Percepção sobre o governo é impactada por indefinições na área econômica e polêmicas verbais dos representantes das pastas sociais. Episódio de Flávio Bolsonaro desgasta por representar manutenção de privilégios: 85% de negatividade nas redes

  • Em apenas cinco dias, a tragédia de Brumadinho representou 3% das manifestações nas redes sociais de todo o mês de janeiro.
  • O presidente Jair Bolsonaro assumiu seu mandato no último dia 1º de janeiro após receber os votos de mais de 57,7 milhões de brasileiros. A votação expressiva, correspondente a pouco mais de 55% dos votos válidos, não garantiu um início de governo em clima de lua-de-mel com a sociedade brasileira. Das manifestações sobre o novo governo nas redes sociais, apenas 30% são positivas. O governo domina 65% das discussões no Twitter no primeiro mês de janeiro e derruba a confiança da sociedade.
  • No conjunto dos temas analisados pela .MAP – nas áreas de Política, Economia e Bem-Estar – a positividade em janeiro é de 32%. É a terceira queda consecutiva, para o piso da série. O resultado só não perde para maio, mês da greve dos caminhoneiros, que fechou com 23% de positividade. Para o professor da USP e consultor técnico da .MAP, Heron do Carmo, “Não era de se esperar que o governo começasse com apoio total, pois as feridas das eleições ainda estavam abertas. Mas é um início de bastante pressão”, afirma.
Evolução – volume de manifestações e positividade
Fonte: .MAP
  • No debate sobre o governo Bolsonaro, mantêm-se as expectativas favoráveis para a economia, sobretudo entre formadores de opinião e especialistas. Mas o bate-cabeça entre possíveis iniciativas na área econômica foi percebida pelo público como falta de coesão e definições da equipe e sinais de disputas internas, capazes de fragilizar a aprovação das esperadas reformas. É na equipe das áreas sociais, porém, que se encontra a maior fonte de manifestações negativas. Os episódios polêmicos envolvendo ao menos três ministros não foram poupados do julgamento das redes sociais. A ministra Damares da Silva, mesclando religião com ciência, educação e política, somada à declaração de que “meninos vestem azul e meninas vestem rosa”, destaca-se entre os alvos preferidos da pauta progressista no campo social. As críticas aos ministros explicam a percepção mais positiva em relação a Jair Bolsonaro, de 39%,que sobre seu governo, de 30%.

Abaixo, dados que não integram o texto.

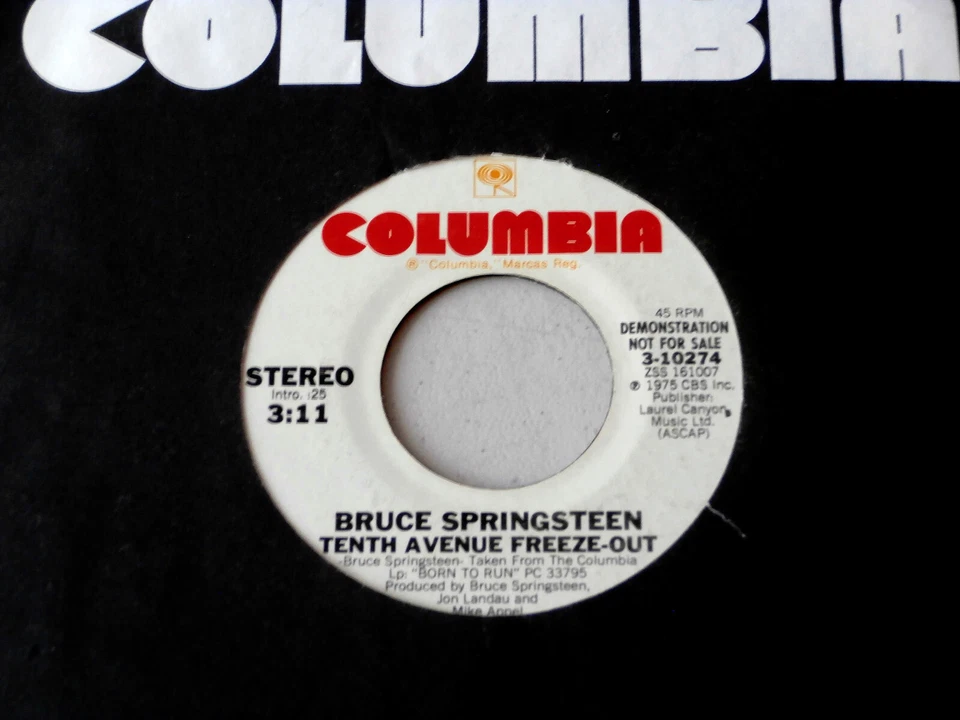 ROCK~ BRUCE SPRINGSTEEN~ TENTH AVENUE FREEZE-OUT~ MINT~UNPLAYED COPY~ PROMO~ - Image 1 of 1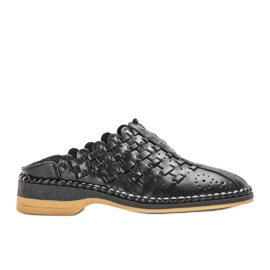 Černé prolamované pantofle Breno černý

  • Flávio Bolsonaro contribui para a desconfiança. O filho do presidente, associado a movimentações atípicas em sua própria conta bancária e na de seu ex-assessor, Flávio Queiroz, fecha o mês com 15% de manifestações favoráveis. O senador pelo PSL impulsiona a discussão sobre Corrupção nas redes, o segundo tema mais debatido, com 6% de participação e 10% de positividade. Uma positividade de 10% restrita a eventos de punições.
  • Logo em seguida, com 5% de participação, está o Desarmamento, apoiado por 62% dos internautas. Para parte das redes sociais, a medida que flexibilizou o porte de armas, confirmada nos primeiros dias do governo, foi “marqueteira” e, de forma inversa ao esperado, tende a aumentar a violência.  Sérgio Moro, pelo outro lado, figura com os mais altos índices de positividade do mês, de 39%, idêntico ao do presidente.